Abstract

Cell surface protein is the major cell surface glycoprotein of chick embryo fibroblasts. We have isolated and purified this glycoprotein and find that it is an adhesive protein that increases cell-cell and cell-substratum adhesiveness in a variety cellular adhesion assays. Transformation of chick fibroblasts results in decreased quantities of CSP due primarily to a fivefold reduction in CSP biosynthesis, although increased proteolytic degradation and shedding from the cell surface also contribute. The decreased biosynthesis is apparently due to a fivefold reduction in translatable mRNA for CSP. Reconstitution of isolated purified CSP on 14 transformed cell lines from several species results in reversion to a more normal fibroblastic morphology, adhesiveness, cell surface architecture, microfilament bundle organization, motility, and alignment at confluence. Cell surface protein does not restore growth control. The effects of CSP appear to be due to at least two actions, increased cell-substratum adhesion plus altered cell-cell interactions. Untransformed chick cells treated with affinity-purified antibodies to CSP develop the rounded morphology characteristic of many transformed cells that are deficient in CSP (LETS protein). Cell surface protein is found primarily in fibrillar aggregates on the cell surface. These CSP fibrils are relatively immobile and do not affect the mobility of other cell surface components. However, CSP can be eventually redistributed to caplike structures with anti-CSP. Isolated CSP consists of highly asymmetric disulfide-linked dimers and multimers. The interchain disulfide bridges are confined to a short terminal fragment that is readily removed by trypsin.

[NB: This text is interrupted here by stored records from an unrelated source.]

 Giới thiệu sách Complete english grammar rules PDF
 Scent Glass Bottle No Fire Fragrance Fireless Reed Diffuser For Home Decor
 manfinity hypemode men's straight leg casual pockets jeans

Cell surface protein and cold-insoluble globulin have similar compositions but differ in solubility and amino termini. Cell surface protein contains primarily asparagine-linked oligosaccharides that appear to be responsible for CSP's concanavalin A receptor activity. Inhibition of CSP's glycosylation by treatment with tunicamycin results in decreased CSP due to marked increases in its degradation rate, without inhibition of synthesis or secretion. Studies of this major cell surface glycoprotein have provided insight into the biochemical mechanisms of cellular adhesion, morphology, and social interaction and provide an approach to analyze the dynamics and regulation of protein synthesis, glycosylation, secretion, and turnover.